A Cloud of Witnesses

Bible Book: Hebrews  12 : 1-2
Subject: The Race; Faithfulness; Dedication; Commitment

Let’s look at the Christian life as a race. The writer of Hebrews told us to do that and the Holy Spirit can teach us great lessons from it.

I. Meet The Observers

It's written in Hebrews 12:1, "Wherefore seeing we are compassed about with s great a cloud of witnesses."

Many are observing you; some playfully, others prayerfully; some slyly, others sympathetically; some tenderly, others temptingly.

A. Your Foes

Your foes are observing you. It's written in Psalm 37:32, "The wicked watcheth the righteous, and seeketh to slay him." While in Capernaum the Lord Jesus went to a synagogue. He noticed a man there with a deformed hand. Since it was the Sabbath, His enemies watched Him closely. Would He heal the man's hand? If He did, they planned to arrest Him. Another day the Lord Jesus passed through Jericho. A rich, influential Jew in the Roman tax-collecting business climbed into a tree to see Him. When Jesus looked up, He said, "Zaachaeus, make haste, and come down; for today U must abide at thy house." The tax-collector hurried down and tool the Lord Jesus to his house in great joy. But the crowds were displeased because He went to be the guest of a notorious sinner. As Christ was watched, so you'll be watched, Christian. Genghis Khan instituted the ropewalk. The man condemned could walk a long stretch of the tight rope while his accusers jeered. Very few could do it. You're walking a tightrope. You, too, are being hounded and heckled. If you get off balance our Lord will be dishonored, and your life will be disgraced. Be careful to honor your Lord!

B. Your Friends

Your friends are observing you. When the mother of Moses could no longer hide him from the baby butchers, she made a little boat, put him in it, and laid it along the river's edge. But his sister watched him. When you were just a babe in Christ, a brother or a sister in the Lord watched you. Their care for you meant the difference between victory and defeat for you.

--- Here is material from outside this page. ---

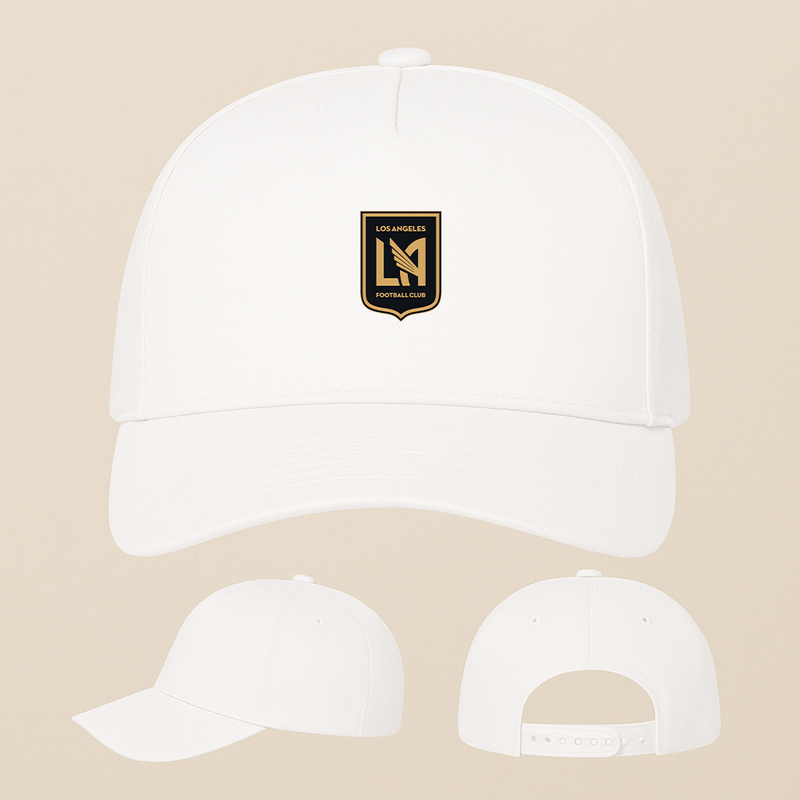 LAFC Los Angeles Football Club Five Panel Twill Snapback Cap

While I have intimated that "the cloud of witnesses" may refer to your foes and friends on this earth, it has a more sacred meaning. I see in the cloud of witnesses the humble heroic men and women who have given up kith and kin, title and treasure, and are now in the grandstand of heaven. They bear witness to the fact its worth it all to serve the Lord, that His grace is sufficient for any grief, and that you can do all things through Christ who strengthens you.

Should you be tempted to disbelieve in the blood of the sin offering, then listen to Abel as he gives witness. He says, "I brought the fatty cuts of meat from my best lambs, and presented them to the Lord. I admitted my sins. I accepted by faith the Lord who was sacrificed for my sins, and He accepted me."

Should you be tempted to desert God and walk no more with Him, then listen to Enoch as he bears witness, "I'm glad I allowed no one and nothing to come between my soul and my Savior. Day after day I walked with God. One day as I walked with God, He translated me and I triumphed over death.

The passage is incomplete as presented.